In Topic: Throttling

28 July 2014 - 07:40 AM

So, I don't completely agree with hplus in regards to the sent data, given that I tend to send some redundant data in UDP, but I do agree that there is missing information in your blog post and above description.  How much data are you averaging per packet is the key missing item?  I will make some assumptions about the data but mostly just cover at a very high level (i.e. missing enough details to drive a truck through dry.png ) some of the problems involved with the naive solution you have.
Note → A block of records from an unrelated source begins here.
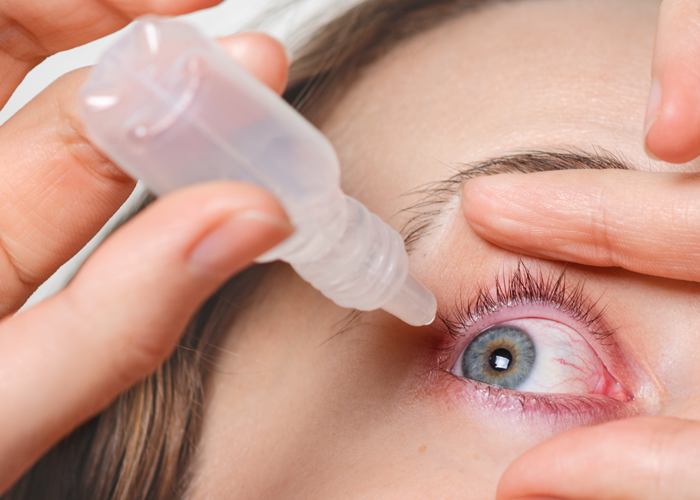 Uso de corticoides e a saúde da visão - O que você precisa saber, Os corticoides são medicamentos amplamente utilizados no tratamento de inflamações, alergias, doenças autoimunes e outras condições crônicas. Porém, seu uso, especialmente quando prolongado ou sem acompanhamento adequado, pode trazer riscos sérios à saúde ocular.


Prevenção começa com um olhar atento!

, Exame OptoPrime, Manoa Exame de vista, em, Óptica e Optometria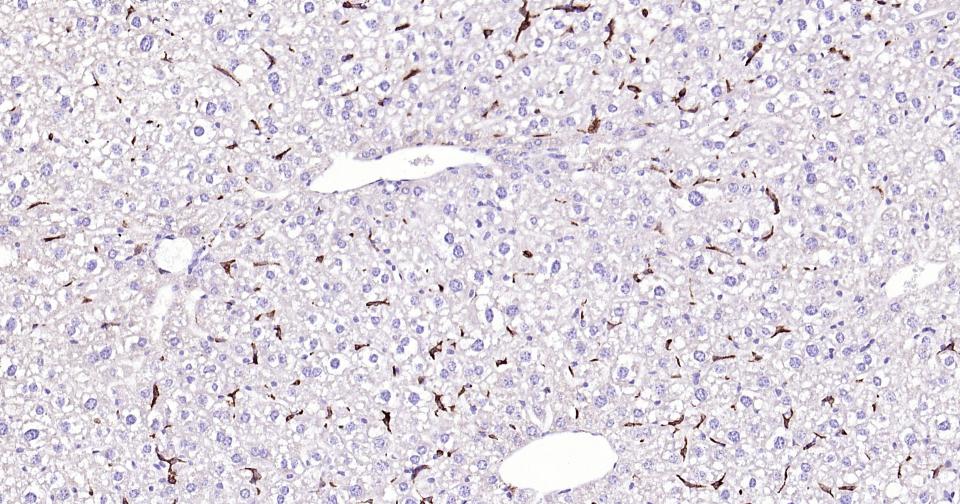 CD163重组兔单抗-bsm-54015R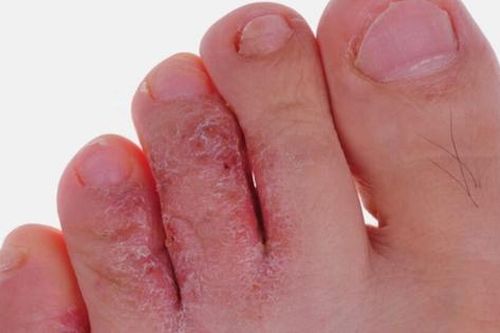 Nhiễm nấm, viêm da mùa mưa cần cảnh giác khi độ ẩm tăng cao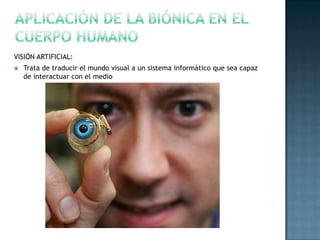 Aplicación de la biónica en el cuerpo humanoVISIÓN ARTIFICIAL:Trata de traducir el mundo visual a un sistema informático que sea capaz de interactuar con el medio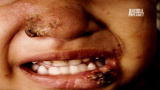 Monsters Inside Me: Face Eaten Off by Parasites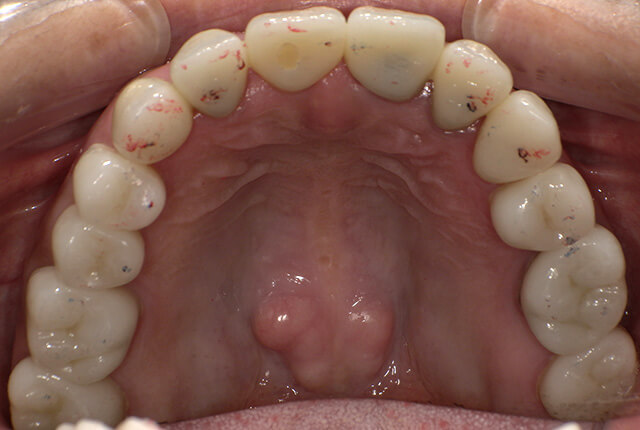 治療後の歯の写真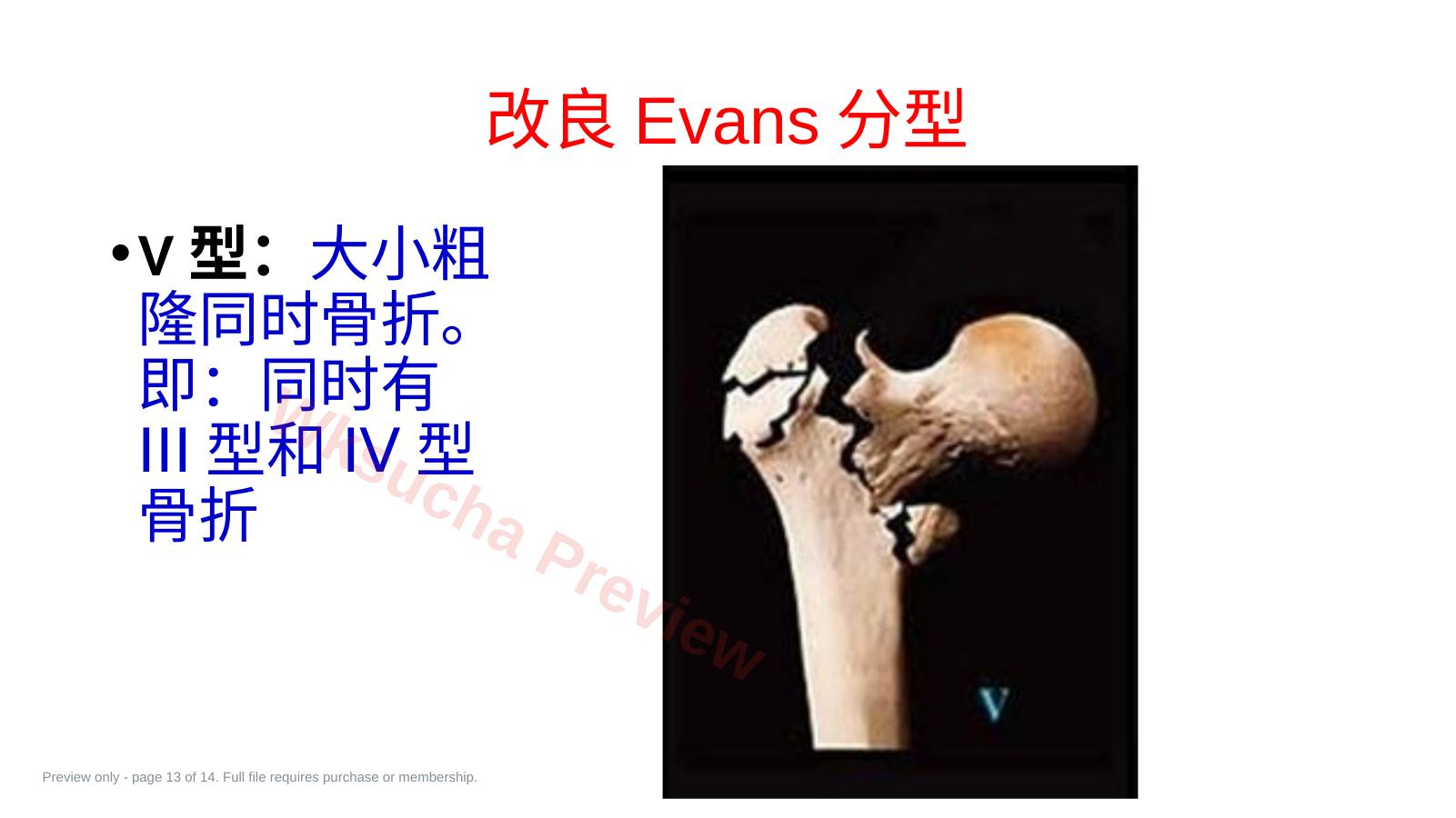 预览第 13 页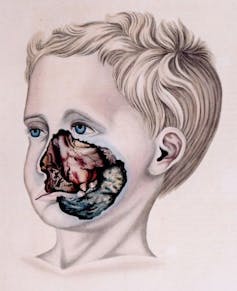 A medical artist's drawing of a boy with noma.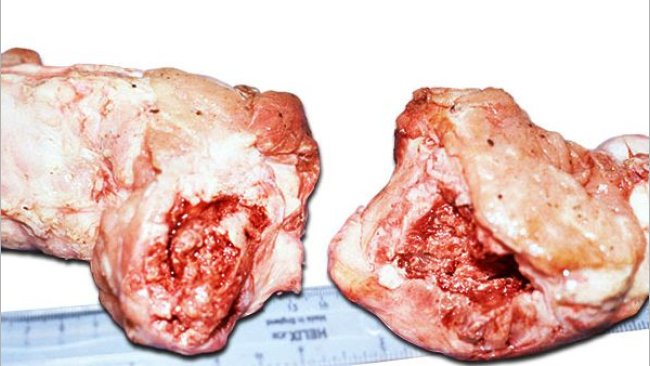 Cabeza del fémur completamente fracturada por la epífisis o debajo de ella mostrando hinchazón alrededor de la fractura debido a periostitis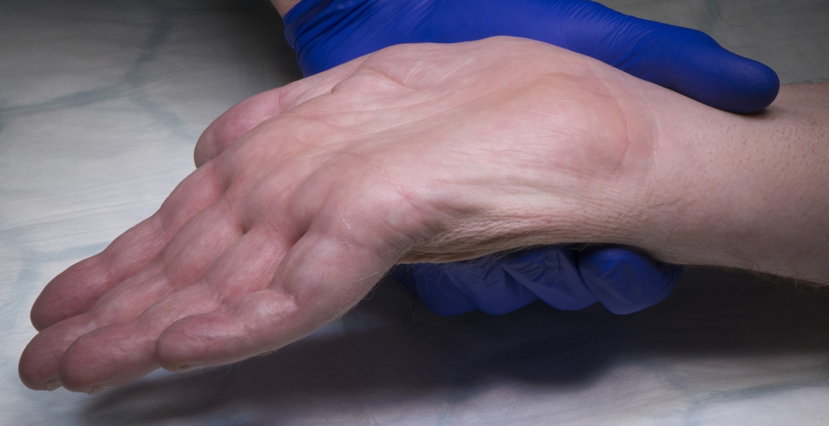 Nerve Injuries, Tendon Injuries & Tendon Transfers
First off, there is little reason to be sending packets at such a high rate.  Your reasoning for wanting to get things on the wire as fast as possible is relevant but when you look at the big picture, hardly viable.  The number you need to be considering here is latency, but of course latency consists of three specific pieces: delay till put on the wire, network transit time and actual receiver action time.  Assuming that your nic is completely ready to receive a packet and put it on the wire, your minimal latency is 5-10 ms because the nic/wifi/whatever needs to form the data into a packet, prepend the headers and then actually transmit the data at the appropriate rate over the wire.  Add on top of this the fact that you are sending packets every 33.33~ms you have a potential maximal latency of 40ish ms from the point you call the send API to when the data actually hits the wire.  If the network is busy, the wifi is congested or weak, you can easily be in the 50+ms range before a packet actually even hits the wire from the point you call the function to send the data.  In general, you need more intelligence in your system than simply sending packets at a high fixed rate if you want to reduce latency but still not "cause" errors and dropped packets.


The next thing to understand is that routers tend to drop UDP before TCP.  At a high level this is a technically incorrect description, it's more to the fact that the routers will see small high rate packets from your client, potentially even having two or three buffered for transit to the next hop, and then larger packets of TCP at a more reasonable rate and prefer to drop your little packets in favor of the larger packets from someone else.  Given there are easily 10+ hops between a client and a server, the packet lottery is pretty easy to loose under such conditions when the network is even minimally congested.  Add in reliable data getting dropped regularly and now your latencies are creeping up into the 200+ range depending on how you manage resend.


How to start fixing all these issues to deal with the random and unexplained nature of networking while maintaining low latency is all about intelligent networking systems.  Your "experiment" to reduce packet rates is headed in the correct direction, but unfortunately a simple on/off is not the best solution.  The direction you need to be headed is more TCP like in some ways, specifically you should be balancing latency and throughput as best you can while also (unlike what hplus suggested) using any extra bandwidth required to reduce the likelyhood of errors causing hickups.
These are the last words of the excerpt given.